As is well-known, deep learning models are inherently sensitive to data distribution due to their nature of self-supervised learning (Pan et al., 2023). However, dealing with incomplete instances is a common phenomenon when processing real-world datasets (Liu and Letchmunan, 2024). Typically, to ensure the completeness of data collection, methods such as fuzzy clustering, interpolation, multisensory information fusion, and similarity measurement are employed during data preprocessing to fill in missing data and improve the performance of machine learning (Choudhury and Pal, 2022; Liu, 2023, 2024). However, in some special fields, simulating missing data can become exceptionally cumbersome, or the supplemented missing data may differ significantly from real data. Therefore, the approach adopted in this paper is to fully leverage the value of the collected real data and deeply explore its data worth, avoiding the complexity of simulating missing data while ensuring the authenticity of the entire dataset and avoiding the use of synthetic data. Currently, there are two main methods for speech quality assessment. One is non-intrusive black-box models, such as Mean Opinion Score (MOS) (International Telecommunication Union, 1996), which are artificial fuzzy speech quality evaluation methods. According to the International Civil Aviation Organization (ICAO) English Language Proficiency Standard (ICAO Annex 1, Personnel Licensing), the MOS evaluation specification for ATC speech quality is shown in Table 1, which classifies the ATC speech quality into levels 1 to 5. Level 5 is the best quality. Although they can assess speech quality, they cannot deeply understand the internal logic of speech quality evaluation within the model. Another method is to use the Perceptual Evaluation of Speech Quality (PESQ) algorithm (International Telecommunication Union, 2001), but it requires standard pronunciation samples as references, making it difficult to deploy and unsuitable for complex and variable scenarios.

www.frontiersin.org

Table 1. The MOS evaluation specification for ATC speech quality (Levels 1–5, Level 5 is the best quality).
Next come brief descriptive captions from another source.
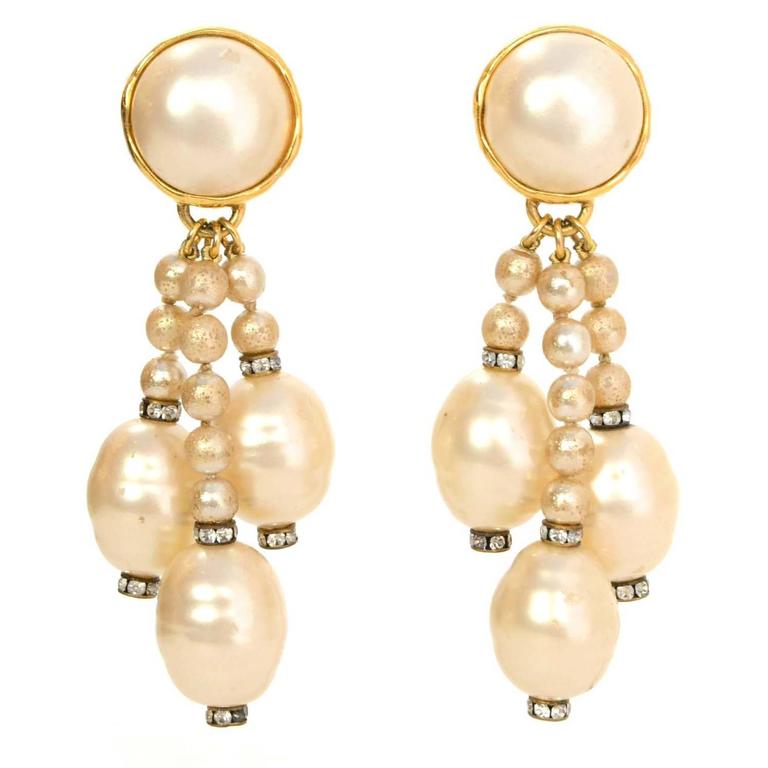 CHANEL Faux Pearl Clip On Earrings W/3 Hanging Strands of Pearls For ...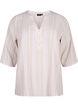 Stripete bluse i lin- og viskoseblandet kvalitet, Beige, Packshot image number 0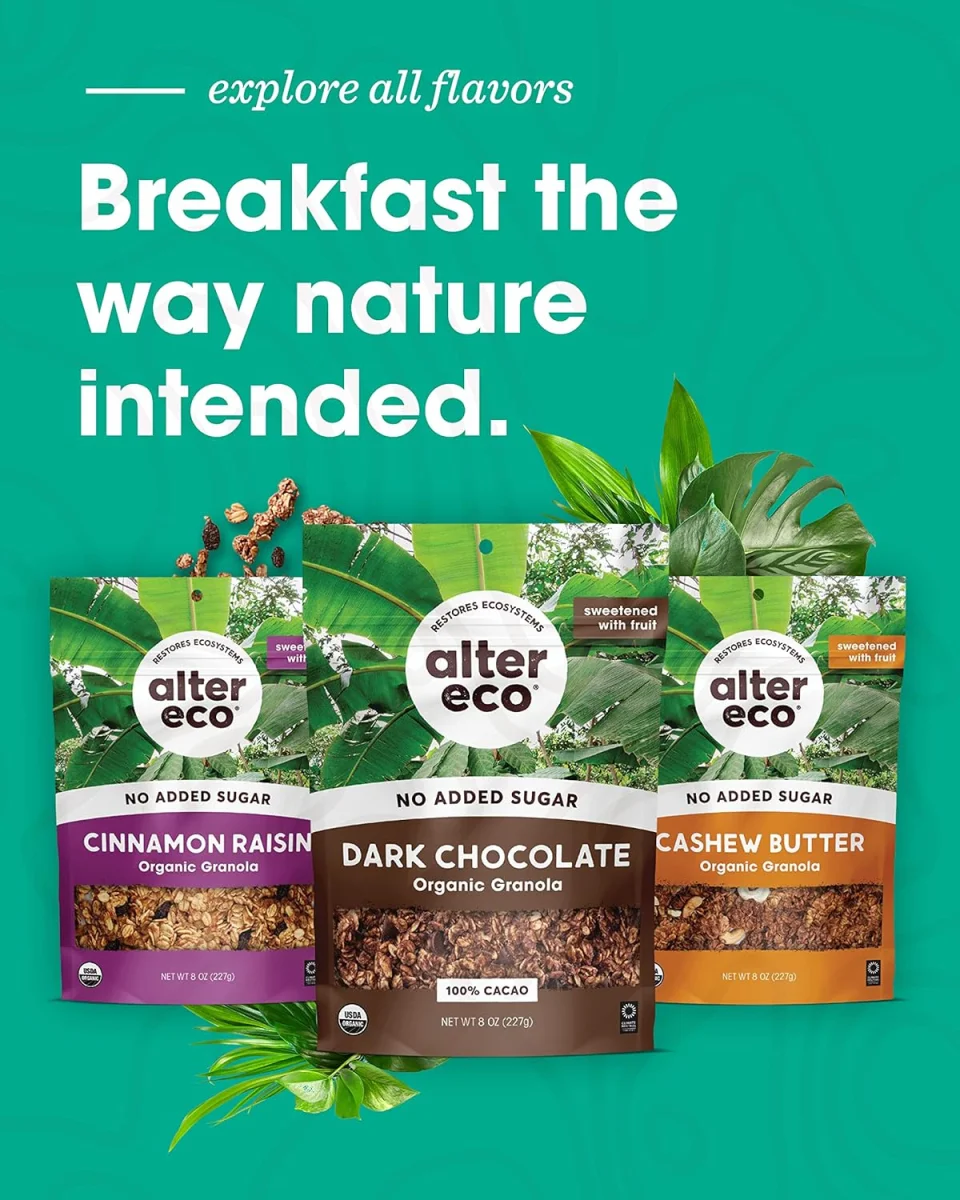 Alter Eco Organic No Added Sugar Granola, Dark Chocolate - 8 oz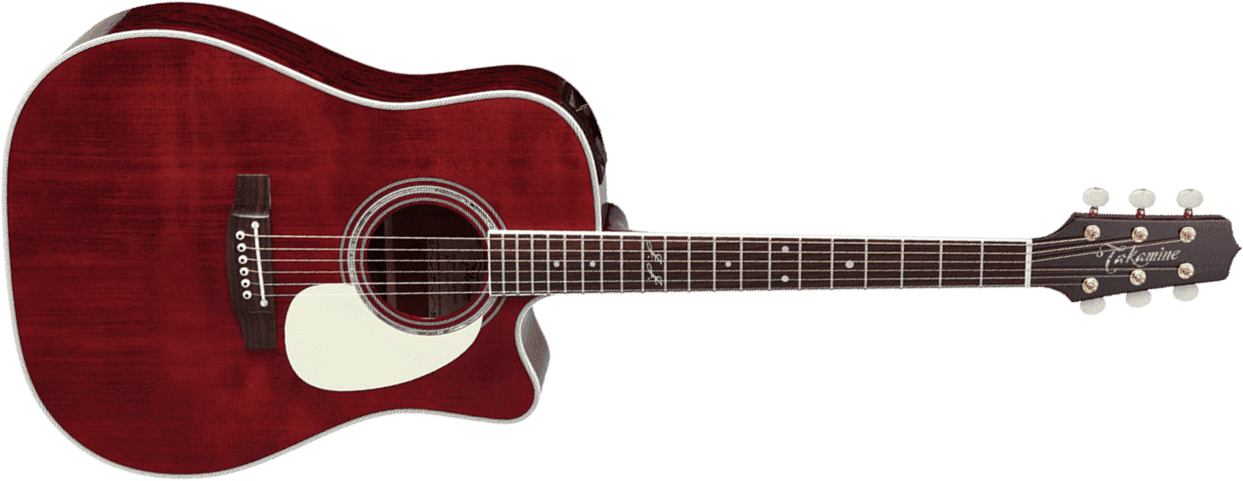 Takamine John Jorgenson Jj325src Jap Dreadnought Cw Epicea Bubinga - Red Satin Gloss - Electro acoustic guitar - Main picture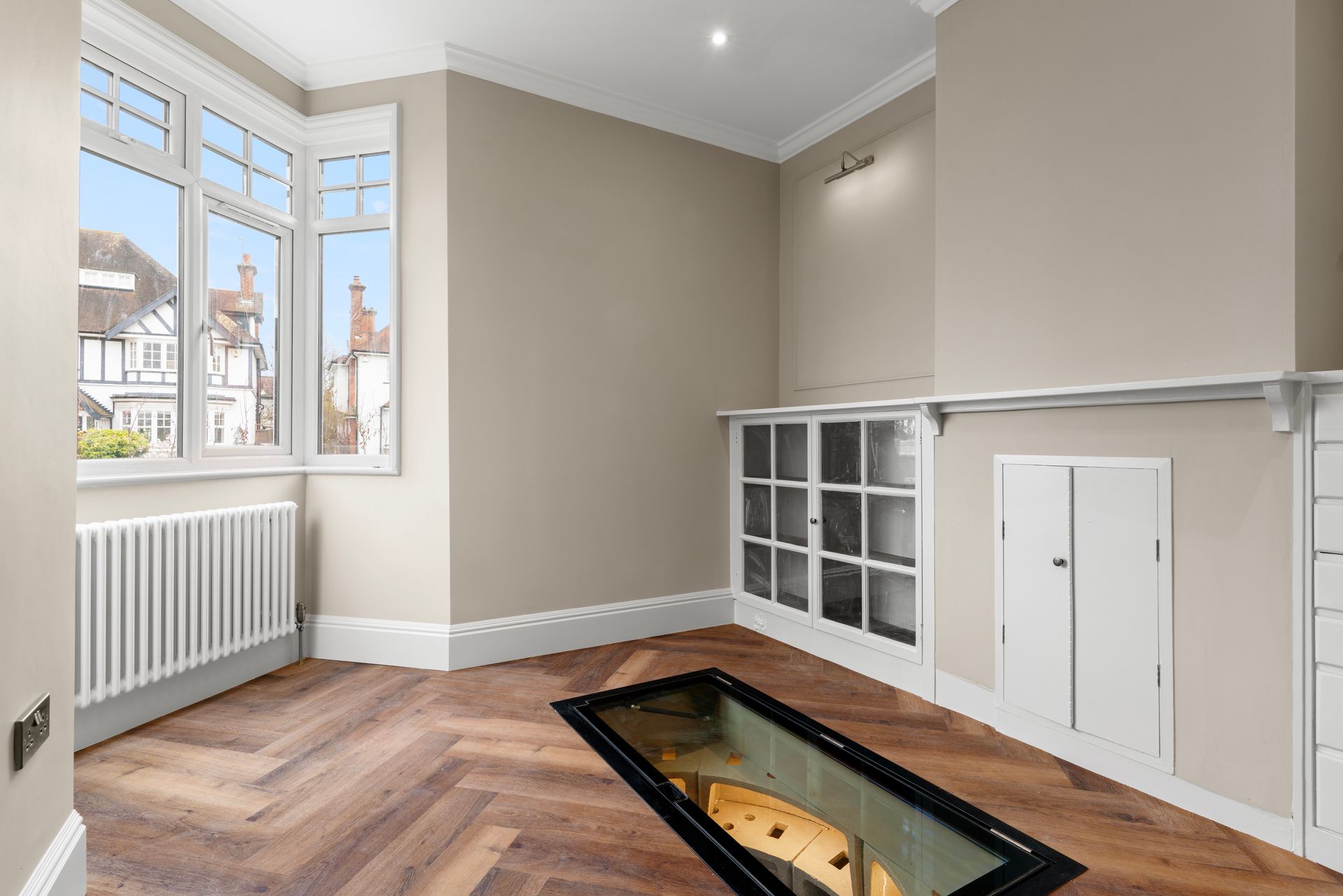 There is a glass floor in the middle of the room.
1.1 Background of the proposed ATC speech accent evaluation metric

The differences between ATC speech and everyday conversation speech lie in their rapid pace, unique pronunciation rules, complex noise background, and the phenomenon of multilingual switching and accents. In the actual air traffic control communication process, although the ICAO in the “Manual on the Implementation of ICAO Language Proficiency Requirements” (International Civil Aviation Organization, 2009) stipulates that civil aviation frontline workers must have a language proficiency of at least level four. That is, they must maintain a standard pronunciation while working, which does not affect the understanding of semantic content. However, everyone has an accent, and the reason for the accent is shown in Figure 1, which is only avoided in the frontline work of civil aviation, so the degree of accent is slightly weak, called “micro-accent phenomenon”.

www.frontiersin.org

Figure 1. Causes of the micro-accent phenomenon.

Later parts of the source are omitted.